Splicing a Pause Button into Cloud Machines

(phloxii/Shutterstock)

Splice Machine develops a machine learning-enabled SQL database that is based on a closely engineered collection of distributed components, including HBase, Spark, and Zookeeper, not to mention H2O, TensorFlow, and Jupyter. Customers use it to build complex AI apps that include transactional, analytical, and ML components. The company just announced a Kubernetes operator for customers running in private cloud environments. So what’s CEO Monte Zweben’s favorite new feature?

The pause button.

“How about that pause button?” Zweben said during a demo of Splice Machine’s Kubernetes Ops Center. “When you pause on Splice Machine, it drains Kubernetes nodes and makes them available for other applications to use.”

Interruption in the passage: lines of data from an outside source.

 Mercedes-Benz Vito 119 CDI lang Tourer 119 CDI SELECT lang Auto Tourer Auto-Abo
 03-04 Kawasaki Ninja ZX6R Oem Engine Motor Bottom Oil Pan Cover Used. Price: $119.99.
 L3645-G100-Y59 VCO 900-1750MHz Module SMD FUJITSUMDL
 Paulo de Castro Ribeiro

Support for Kubernetes is not new at Splice Machine. The company relied on Mesos for some time before pivoting to Kubernetes a couple of years ago. Since then, the company has used K8S to manage customer environments as part of its software as a service (SaaS) offering). Now with Kubernetes Ops Center, which was unveiled last week, customers running the platform on their own gear in their own data center (or in a private cloud) can also leverage Kubernetes to maximize their compute resources.

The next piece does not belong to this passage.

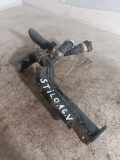 Schalterleiste Fiat Stilo (192) 46472385
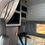 Thumbnail: 2021 Peterbilt 389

The pause button is placed prominently at the top of the Kubernetes Ops Center screen. When pressed, it instructs the Kubernetes distribution (Rancher and OpenShift are currently supported, with more on the way) to essentially put Splice on ice and prevent it from consuming any more resources.

Companies are wasting billions of dollars on underutilized cloud resources

This is a big deal considering the amount of resources that customers are wasting in the cloud. A report issued last week by Pepperdata, a provider of tuning solutions for big data applications, found that big companies were wasting millions of dollars, and that even smaller companies could save hundreds of thousands of dollars by tuning their applications (in particular, Apache Spark) to make better use of cloud resources.

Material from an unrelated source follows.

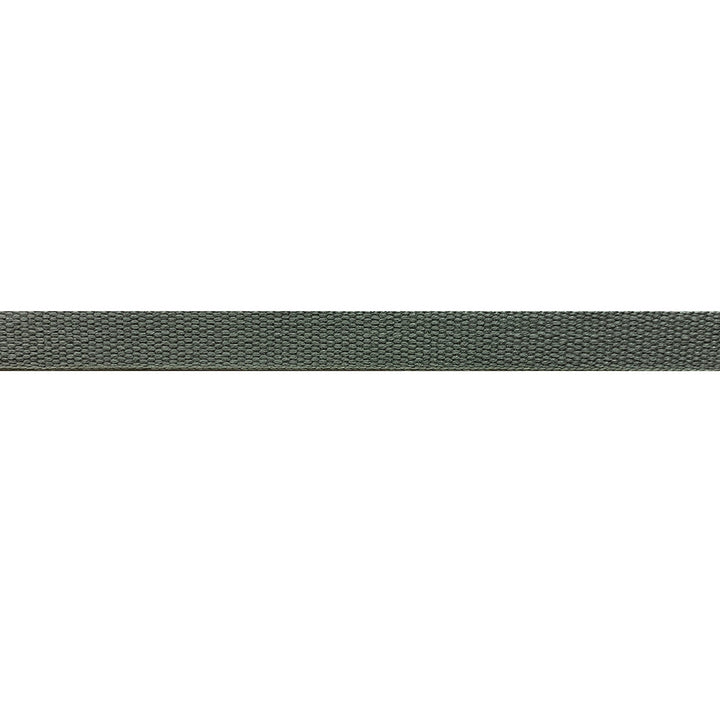 Everly Micro Tape Rain by Magnolia Trim - 63LINEN/37RAYON CHINA Horizontal: and Vertical: 0.56 - Fabric Carolina -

Hitting the pause button in Splice Machine is one way to achieve savings.

“I think it’s a powerful thing that we’re offering on premises,” Zweben says. “Even on prem, if you’ve got a small set of virtualization going on, if you can pause and give up your resource to another user, that’s pretty powerful.”

The pause button is pressed frequently for the AWS cluster that Splice Machine uses for its demos. Before getting on a call with a prospect or a journalist, Zweben hits the restore button, and the cluster quickly comes back online. “If we’re not demoing this cluster, why pay for the infrastructure?” Zweben said. “I just checked in five to 10 minutes before we talked and I hit the restore button and it comes back, just like it was.”

Zweben couldn’t put a dollar amount on the savings, but says that they are substantial. “It is more than 50% savings when you’re shutting a cluster off overnight,” he said. “We do that on our trials. We have an automatic trial mechanism, where you can come to Splice, and get it for a few weeks for free. If somebody is not active during their trial, we just auto-pause it.”

With Kubernetes running herd on compute resources, Splice Machine is free to concentrate on more important things, like ensuring that all the complex distributed components function as a seamless unit.

“All of the Splice Machine clusters have that elasticity where you can turn it off, and it basically doesn’t consume resources,” Zweben said. “The ability to separate storage and compute in that way saves an enormous amount of money.”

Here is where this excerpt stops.